Dozens of people assembled on Saturday to share stories of oppression and demand a better world for themselves and each other.

The event, Women Against Injustice, was held at the Carver Community Cultural Center on San Antonio's East Side. The event's Facebook page explained that it was meant to "uplift the voices of Black women!"

Participants began the event by recounting absuive experiences and lifelong oppression.

One speaker asked listeners how many of them had been objectified or sexually assaulted before the age of 15. Several women raised their hands.

"Does my story matter?" one speaker wondered aloud. "Yes, it does. Why? Because I'm a Black woman leading a Black life, and mine matters."

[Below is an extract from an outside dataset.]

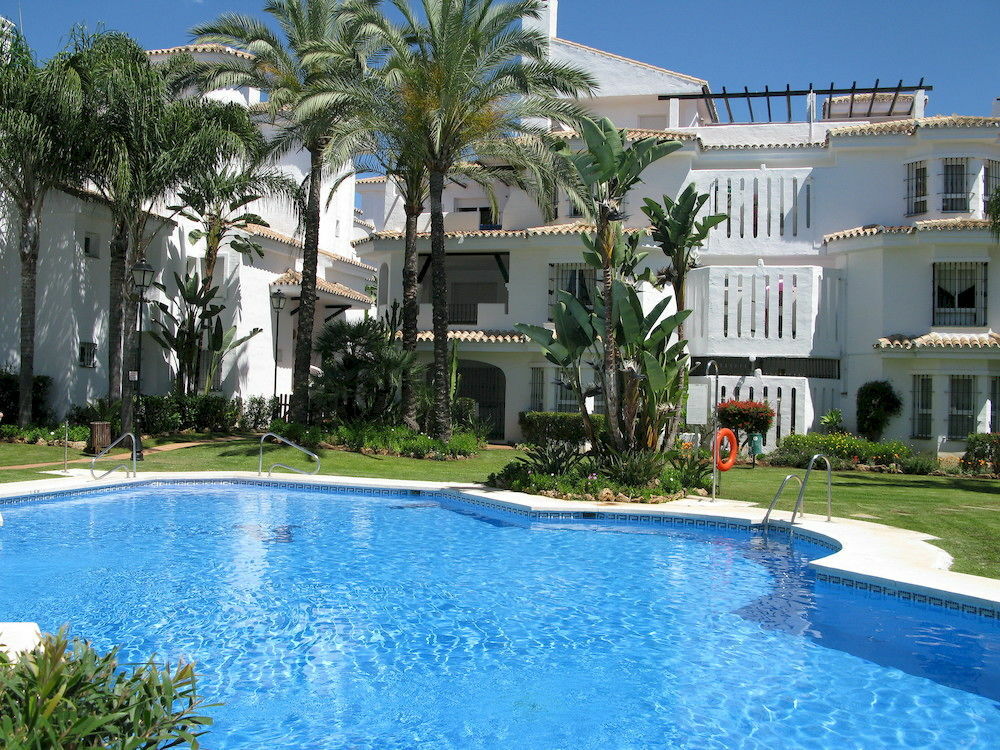 Apartamentos Y Casas Serinamar Marbella El Ángel Exterior foto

Artist Dajiyah Mcae was among the speakers, and she led the march to Pittman-Sullivan Park.

"Maybe the world should accept that black women are just people and we have sadness and we have a lot of trauma," she said later. "No Black woman you’ll ever meet will come in without any trauma because to be a Black woman is to be a warrior."

Mcae added, "Today was very important to me because when you hear about the horrors of police brutality against Black and brown Americans, it is generally focused on men. Women get lost in the media."

She said growing up with little representation in the media and having to fight against the stereotype of being a Black woman was hard.

"Oftentimes we’re told we need to take on the weight of the world and do it with a smile," she explained, "because we’re supposed to be strong Black women, but maybe we don’t need to be warriors anymore."

About 100 participants marched to the park. They carried signs that read "Women are fragile, not like flowers but like bombs," "I will fight for you, me, us" and "Stop killing Black people."

Once at the park, they continued their discussions and enjoyed yoga.

Also on the East Side, members of the Black Lives Matter movement gathered at Lockwood Park to share speeches, register voters and perform slam poetry.

Earlier on Saturday, demonstrators condemned the Christopher Columbus statue and faced off against armed counter demonstrators. Police intervened at times to keep the groups apart as tempers flared amid debates over history, racism, slavery and rape.

As that event ended, some participants headed to Lockwood Park, to the Carver Community Cultural Center event or to other marches and rallies around San Antonio.